Diagram showing an adhesive applicator being used on a tank.

Step 12

Rest the tip of the applicator needle in the corner formed at the edge of the seam of the tank.

Apply the glue evenly and smoothly into the seam. You may find it helpful to have someone work with you to gently rotate the tank for you as you glue along the seam of the tank. It may take several rotations of the tank until all the glue is used up.

Make sure you work quickly and continually. In doing so, the glue will be very liquid as it flows from the applicator tip and will be drawn down into the gap between the two halves of the tank. If you pause, the glue will become viscous as it exits the applicator tip and will not be drawn into the gap.

Try working at a rate of 1” per second.

Diagram showing a hand cleaning the seam of a WaterRower tank assembly, with the tank placed upside down on a flat surface.

Step 13

Wipe any drips away with a clean cloth.

A simple, minimalist clock face with hour and minute hands, and tick marks indicating the hours.

Step 14

Allow four (4) hours for adhesive to set.

Illustration showing the assembly of a WaterRower, highlighting tie rods and barrel nuts.

Step 15

Replace the tank assembly on the rails. Replace the four (4) tie rod bolts and barrel nuts on the front of the WaterRower that secure the top and bottom decks to the forward riser.

Diagram of a WaterRower showing the footboard assembly and connection points, with arrows indicating parts and screw locations.

Step 16

Replace the footboard. To do this, replace the two handle rest bolts at the top. Also replace the four JCN nuts and JCB bolts that connect the footboard to the rails.

Diagram showing the proper positioning of the Velcro strap on a WaterRower assembly, with an arrow indicating the direction the Velcro should face.

Step 17

Replace the handle. Ensure the handle/drive strap assembly is facing the correct way and the drive strap is straight (with no twists). Pass the Velcro/bolt end over the large pulley in the forward riser.

Diagram illustrating the clutch mechanism and drive strap connection on a WaterRower, showing bolt-on and Velcro attachment options.

Step 18

Pass the handle/drive strap around the large pulley and underneath the top deck back towards the clutch housing. The end of the drive strap passes inside (towards the center of the machine) the drive strap guide pulley (the upper of the two guide pulleys).
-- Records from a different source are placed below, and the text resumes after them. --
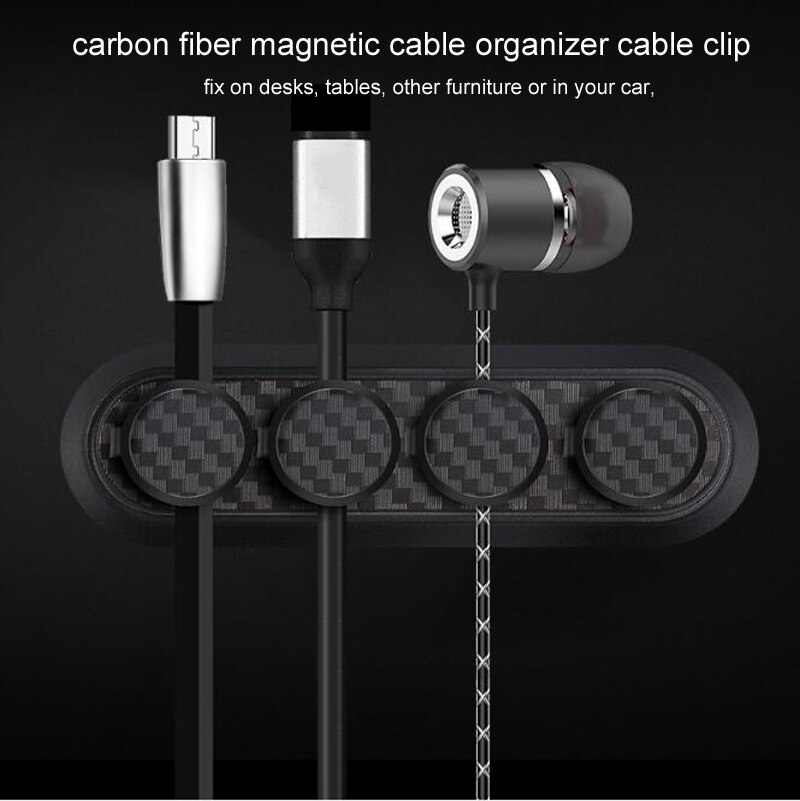 Carbon Fiber Strong Magnetic Cable Organizer USB Cable Management Winder Clip Desktop Wire Cord Protector Cable Holder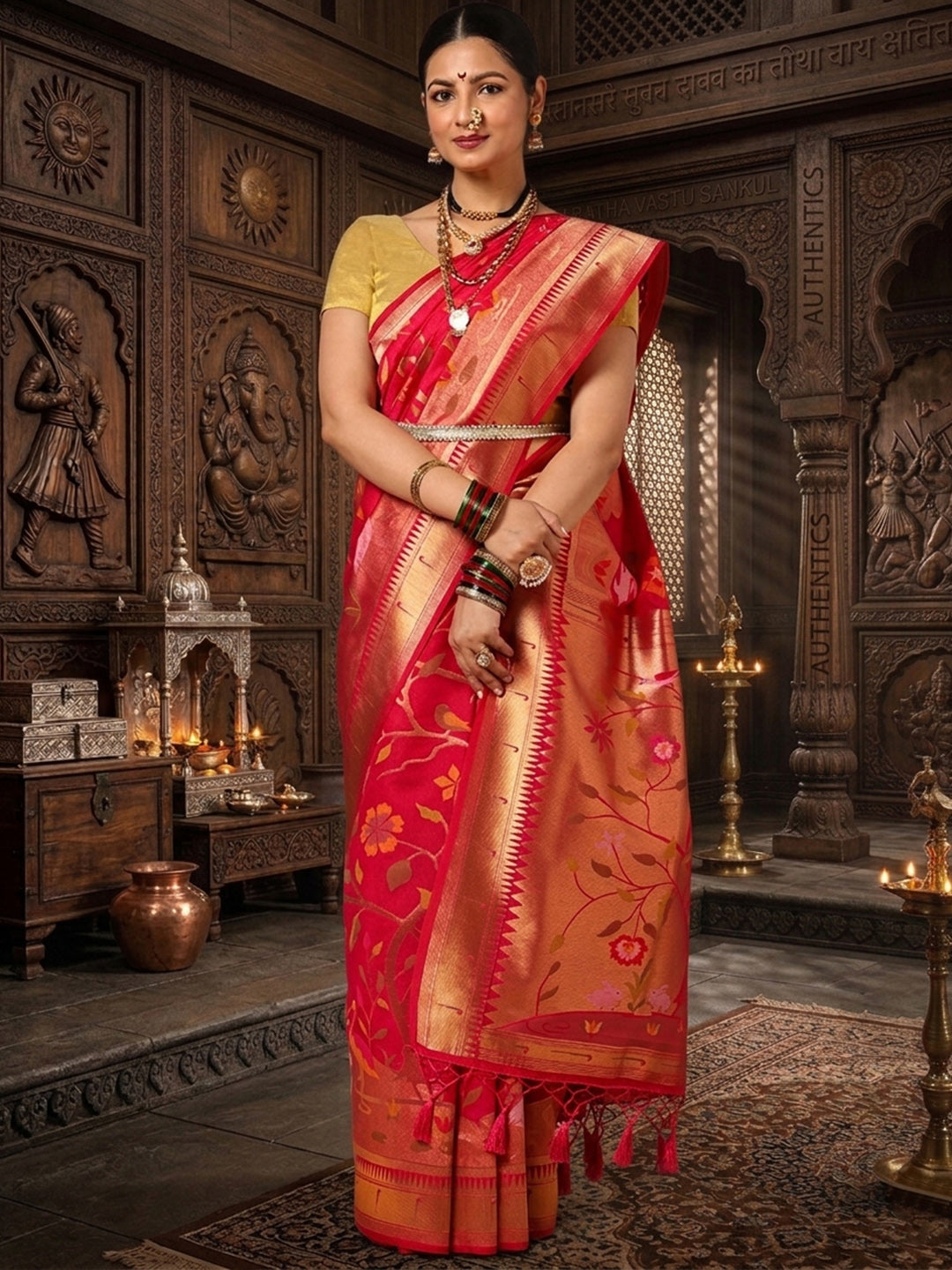 Peach Woven Design Dola Silk Saree
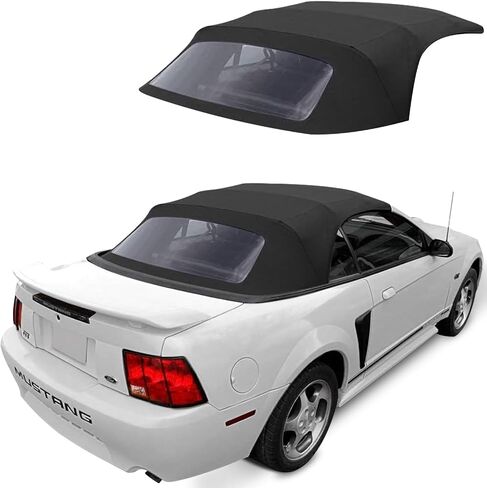 Sierra Auto Tops بديل علوي قابل للتحويل لسيارة Ford Mustang 1994-2004، قماش شراعي فينيل، سرج، نافذة بلاستيكية in Kuwait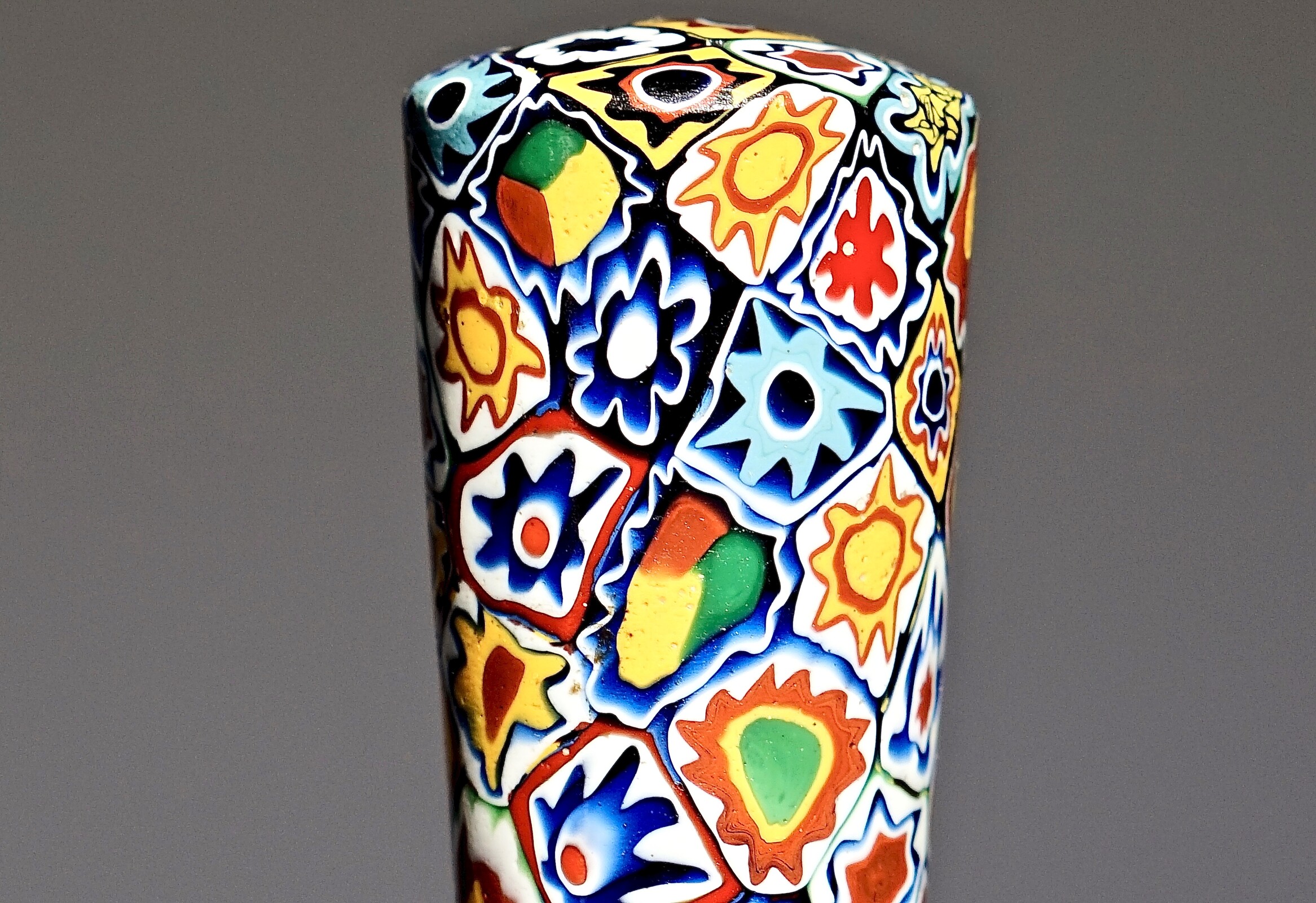 A rarely encountered coloured Millefiori Murano Glass Walking Cane, Italy ca. 1900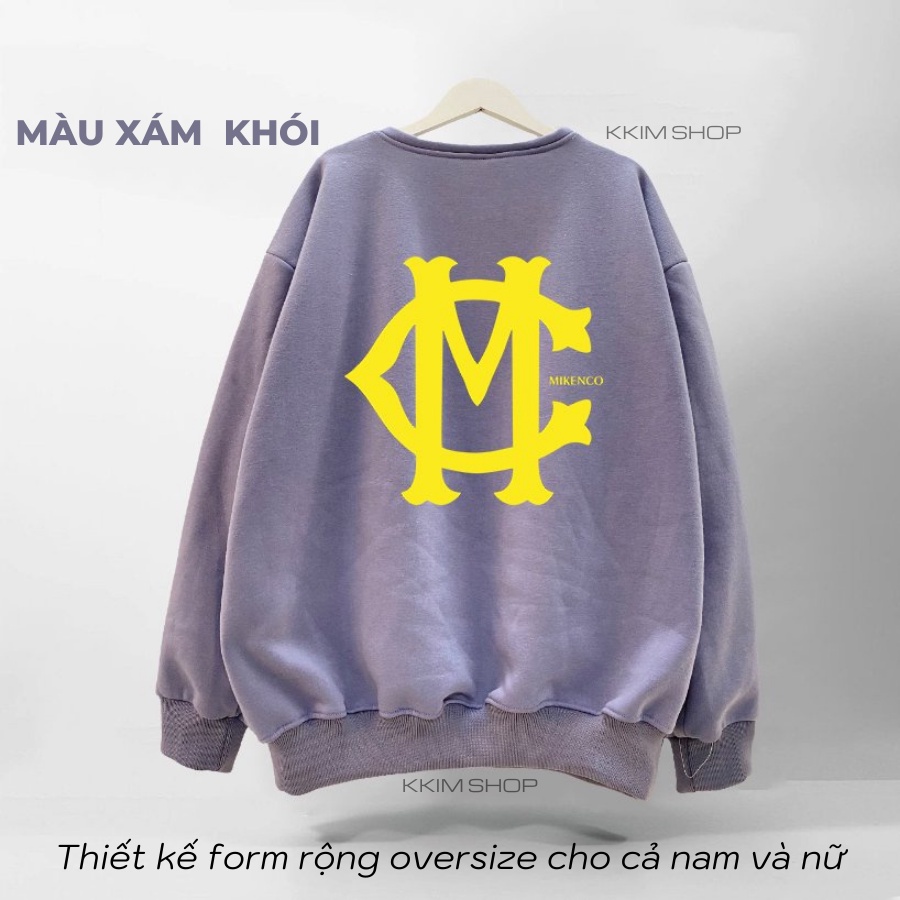 Áo Nỉ SWEATER MIKENCO LOGO, Áo Nỉ Dài Tay Form Rộng Oversize Unisex Nam Nữ, Chất Nỉ dày dặn cao cấp. KKim Shop
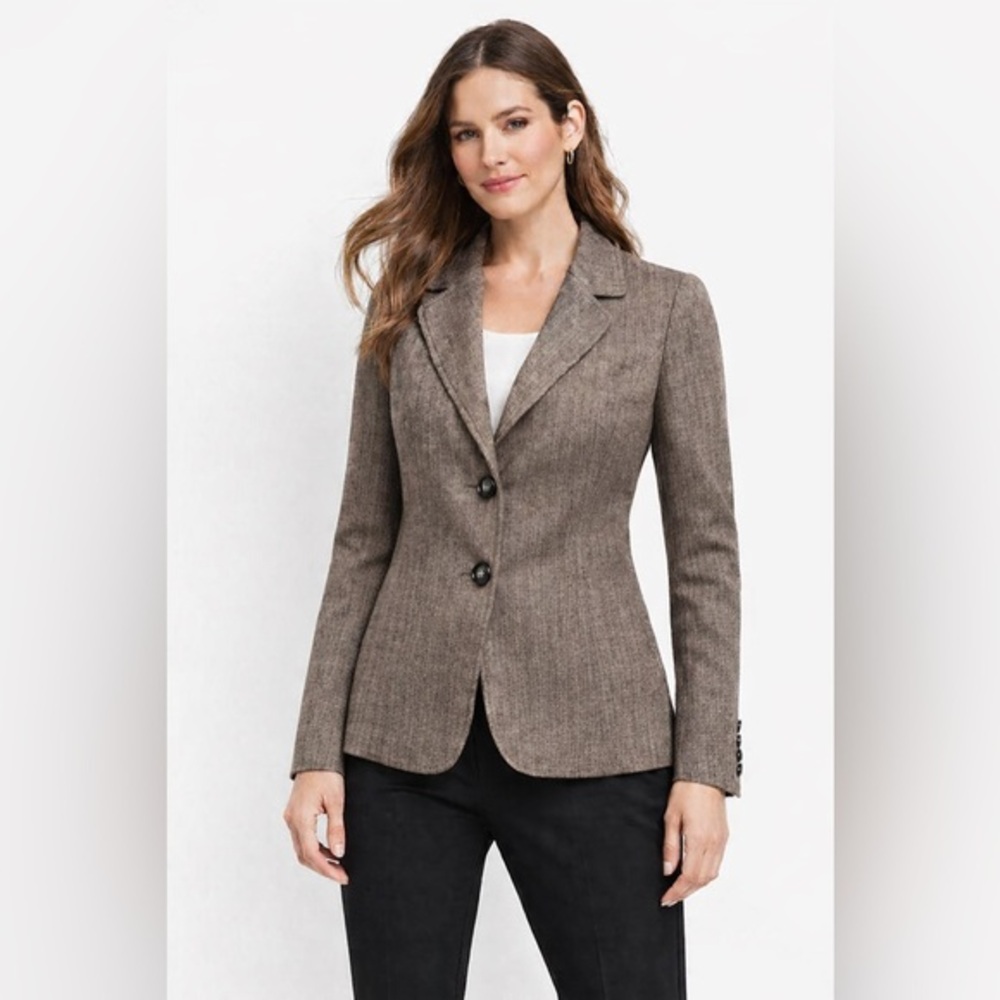 Talbots Petite Sz 6 100% Wool Blazer Classic Minimalist Button Closure Jacket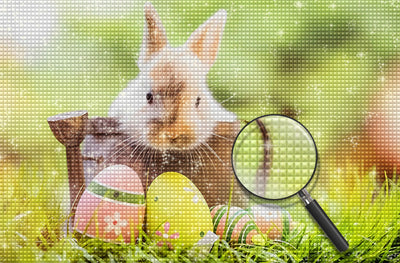 Mignon Lapin Brun de Pâques Fête Broderie Diamant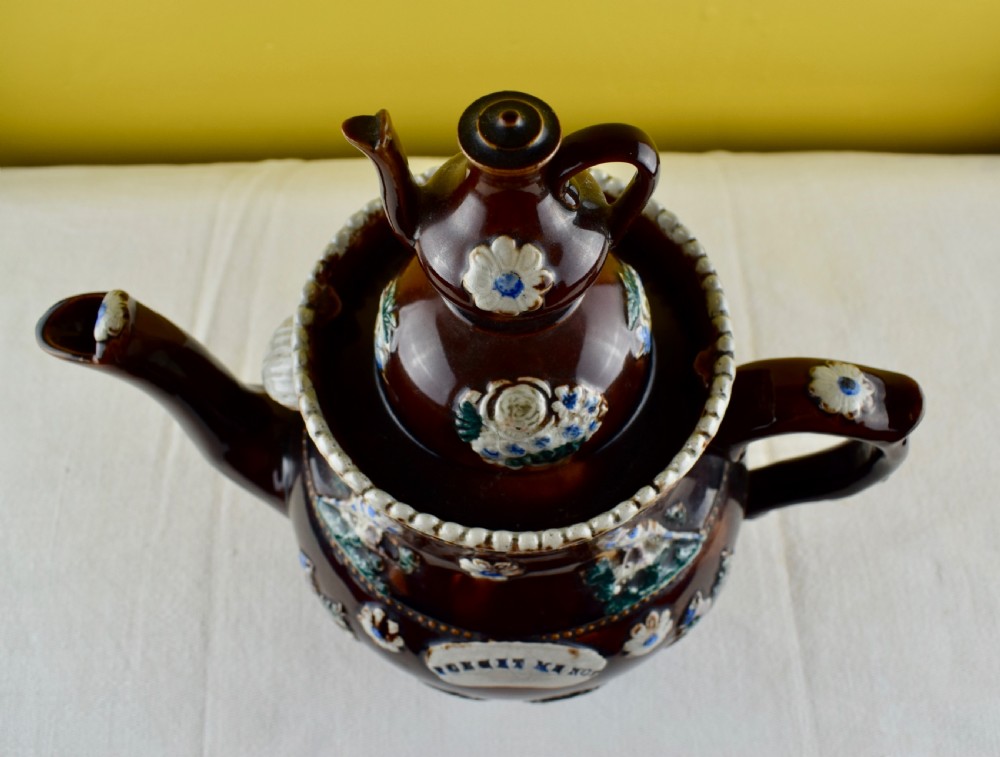 Large Measham Bargeware 'Forget Me Not' Teapot  View VII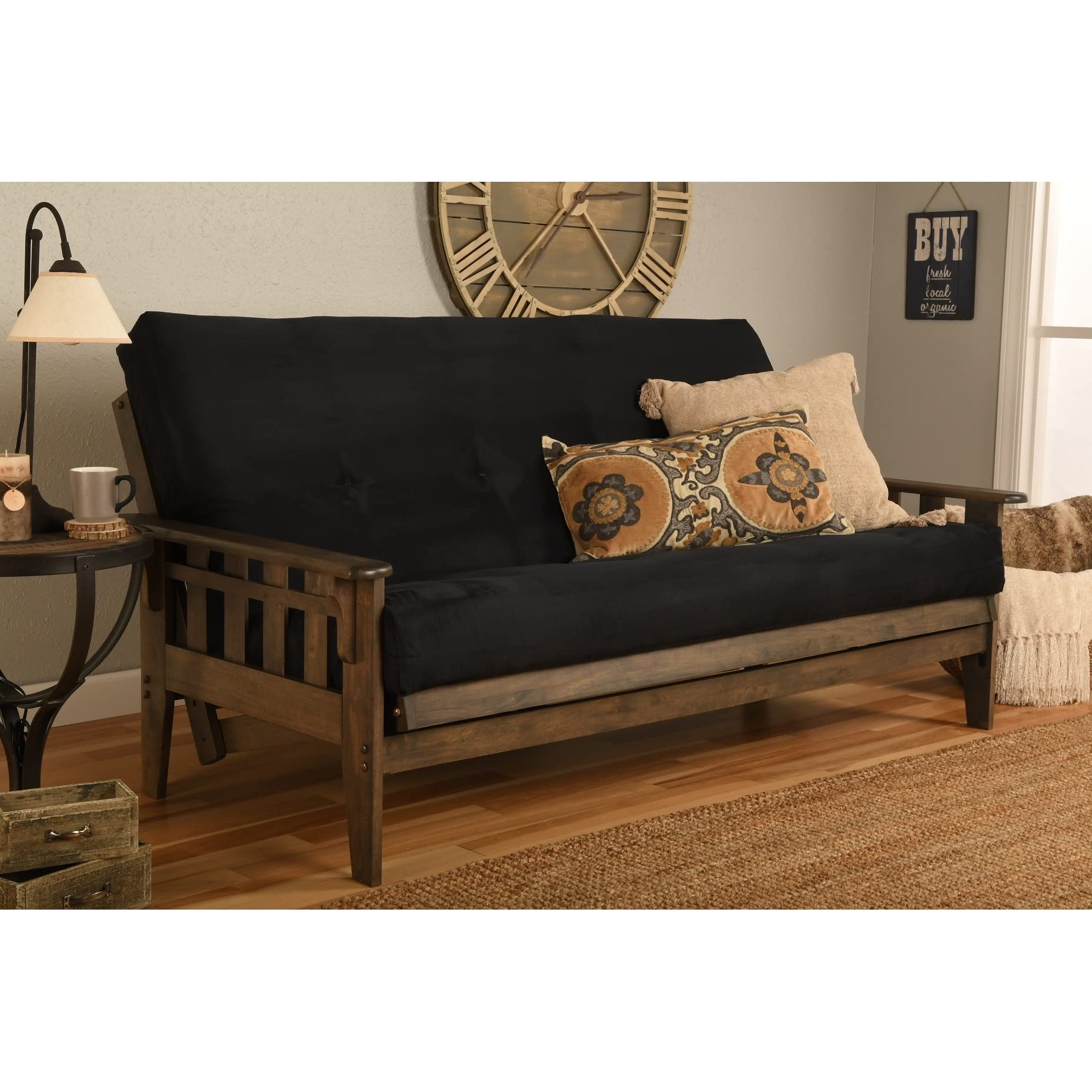 Kodiak Furniture Tucson Full Size Futon Set in Rustic Walnut Finish, Suede Black - WoodArtSupply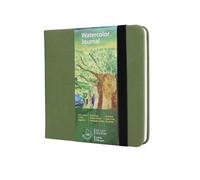 Tumuarta Cuaderno de Acuarela, 300g, 25% Algodón, 14 x 14 cm, 24 Hojas, 48 Páginas, Libre de Ácidos, Ideal para Acuarela y Acrílico (Verde)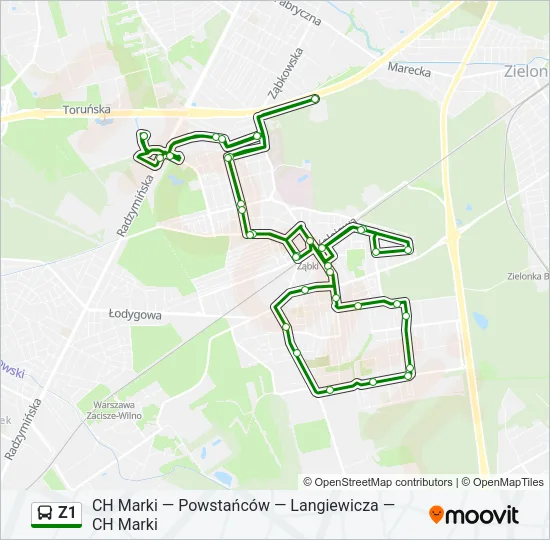 Z1 Bus Line Map
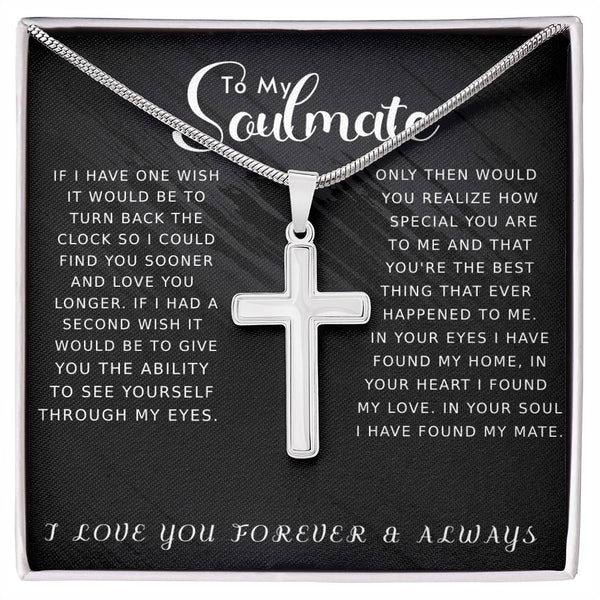 Couples Gifts Necklace, To My Soulmate Necklace Birthday Christmas, Unisex Necklace, Message Card and Gift Box,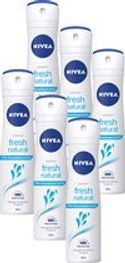 NIVEA Fresh Natural Deodorant Spray - 6 x 150 ml 
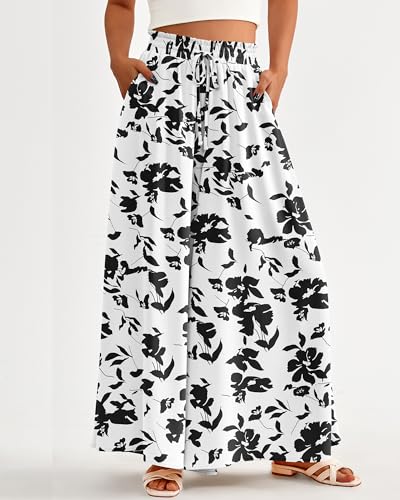 BTFBM Women Casual High Waist Wide Leg Pants 2025 Summer Fall Long Palazzo Pants Pocket Lounge Vacation Beach Trousers(Print Black, X-Large) - Image 2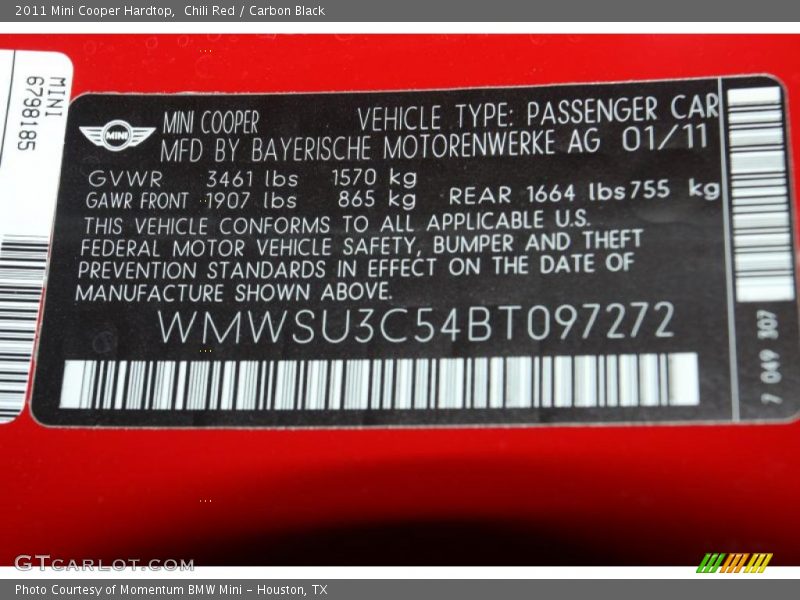 Chili Red / Carbon Black 2011 Mini Cooper Hardtop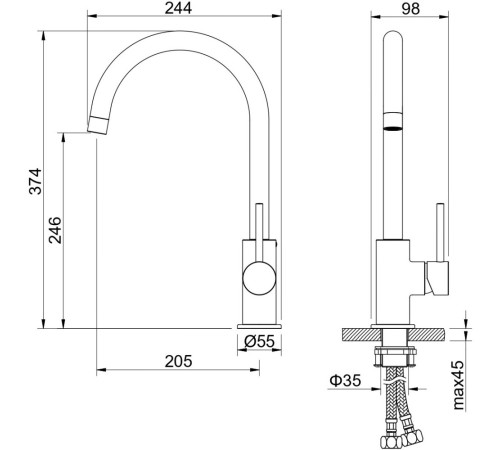 Смеситель для кухни Aquanet Европа шлифованное золото AQ1382BG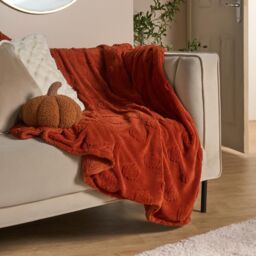 OHS Tufted Pumpkin Fleece Throw Ultra Soft Blanket in Burnt Orange - Size: 130 cm x160 cm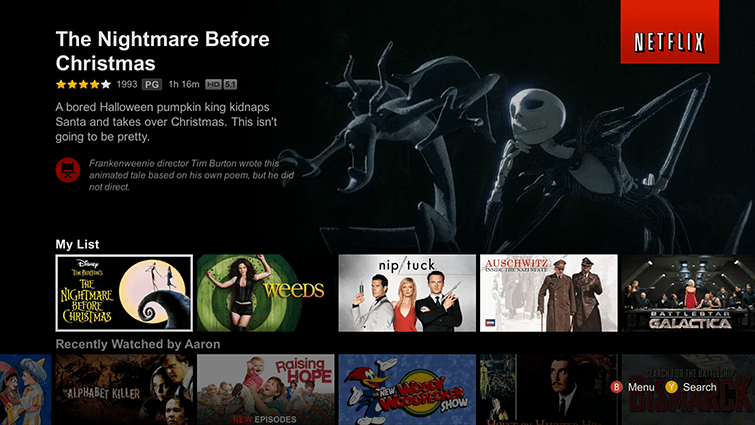 Netflix on Xbox 360 and Xbox One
For Velcro attachment on metal clutch, take the end of the drive strap and place the edge against the side of the clutch nearest the monitor. For plastic clutch, see (A) in the image at left.

Illustration showing the recoil belt mechanism of a WaterRower rower, with the handle positioned in the full forward position.

Step 19

Once the handle/drive strap is attached, gently pull on the recoil belt. This action re-winds the drive strap around the clutch.

By continuing to pull the recoil belt, wind the drive strap onto the clutch so the handle reaches the full forward position.

Diagram illustrating the internal mechanism of a WaterRower, showing the routing of the drive strap and pulley arrangement.

Step 20

With the recoil belt is at its full length and wrapped 1½* turns around the recoil bushing, pass the recoil belt inside the recoil belt guide pulley and over the two pulleys in the forward riser. *If the recoil belt is wrapped more or less than 1½ turns, please adjust.

Illustration of a WaterRower's upright assembly showing the tank and recoil system with directional arrows indicating movement.

Step 21

Stand the WaterRower upright and connect the recoil belt to the bungee. Lay the WaterRower down – it is ready to use.